A wife who had spent months nursing her sick dog through chemotherapy, cooking him homemade meals, and attending bi-weekly vet appointments largely on her own quietly hoped her husband would acknowledge her effort on Mother’s Day.
He did not. What he did instead was remind her, out loud, that “Mother’s Day was for real moms” — a statement delivered to a woman dealing with infertility who had just spent her savings keeping their dog alive.
She locked herself in the guest room. He went to the internet to find out if he was in the wrong.
Keep reading for the full story.
AITA for not getting my wife a Mother’s Day gift even though we don’t have any children?
I (36M) and my wife (32F) have been married for 4 years now.

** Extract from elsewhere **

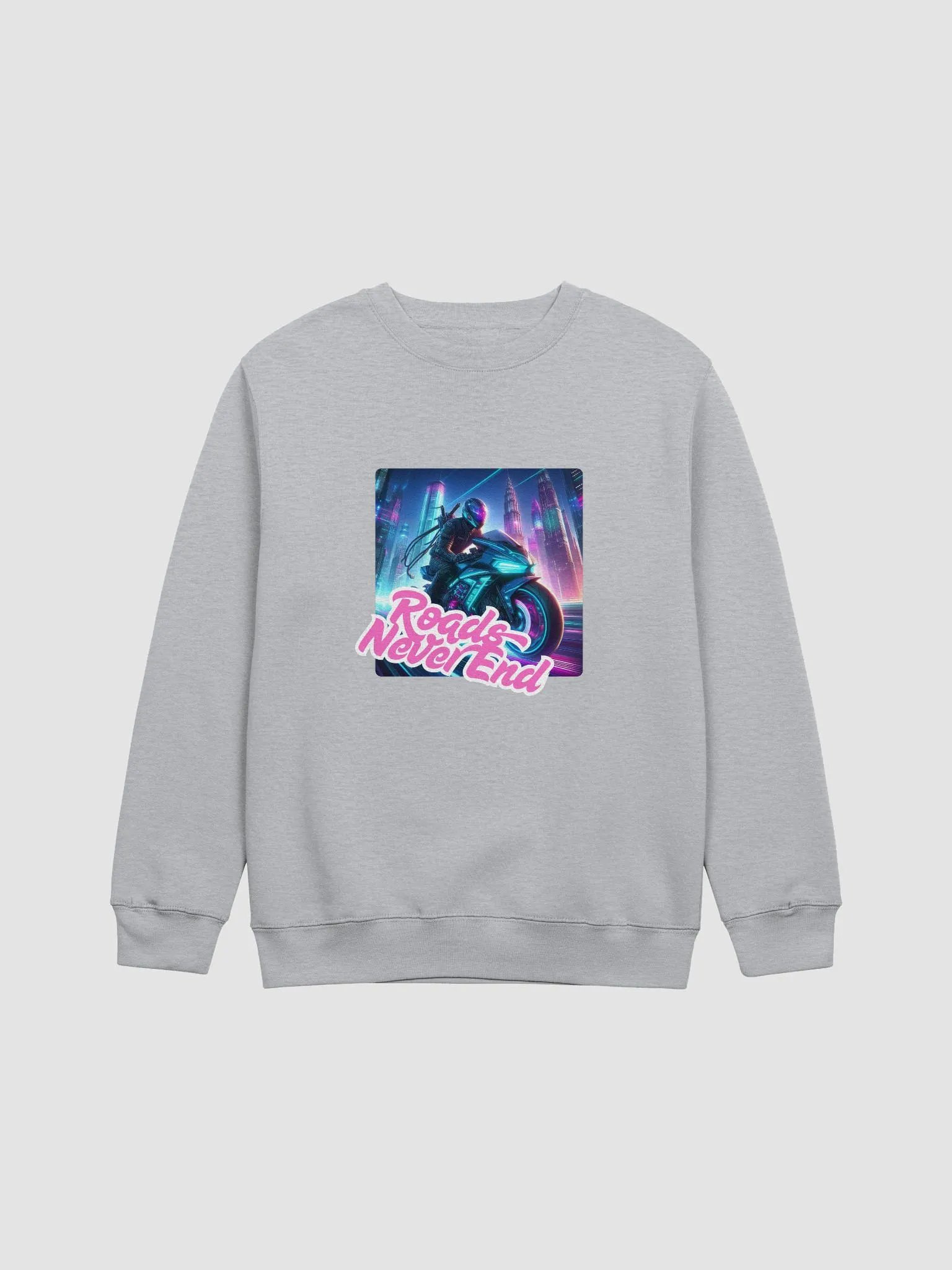 Neon City Rider Crewneck Sweatshirt | Roads Never End product image (9)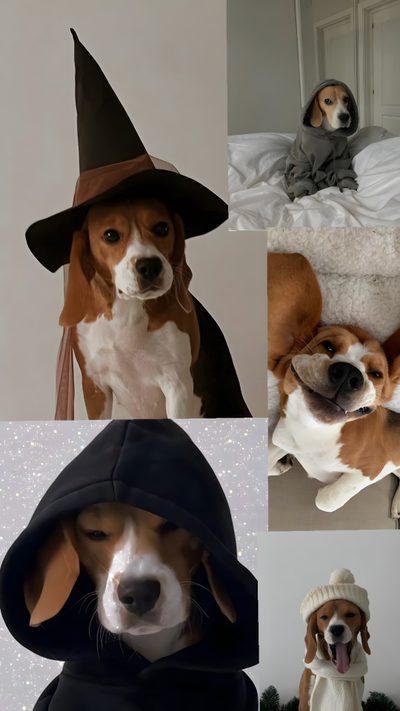 four pictures of dogs dressed up in halloween costumes, including a dog wearing a witches hat Cute Beagle Halloween Beagle Puppy, Cute Beagle Background, Beagle Fall, Beagle Background, gray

Before this year, she never expected a Mother’s Day gift from me, as we don’t have children due to infertility issues — but after dinner she had a full-blown meltdown and now won’t talk to me.
Turns out, the subject of having children is a sore subject for her — and understandably so.
A little background: my wife and I don’t have any children of our own because of fertility issues — she has endometriosis.
After trying for a year, she decided having kids wasn’t a huge deal as long as we had pets, so I surprised her with a puppy.
I never cared for pets, but my wife grew up with dogs her whole life and her family gets pretty crazy about them.
As far as this family is concerned, these pets are basically family.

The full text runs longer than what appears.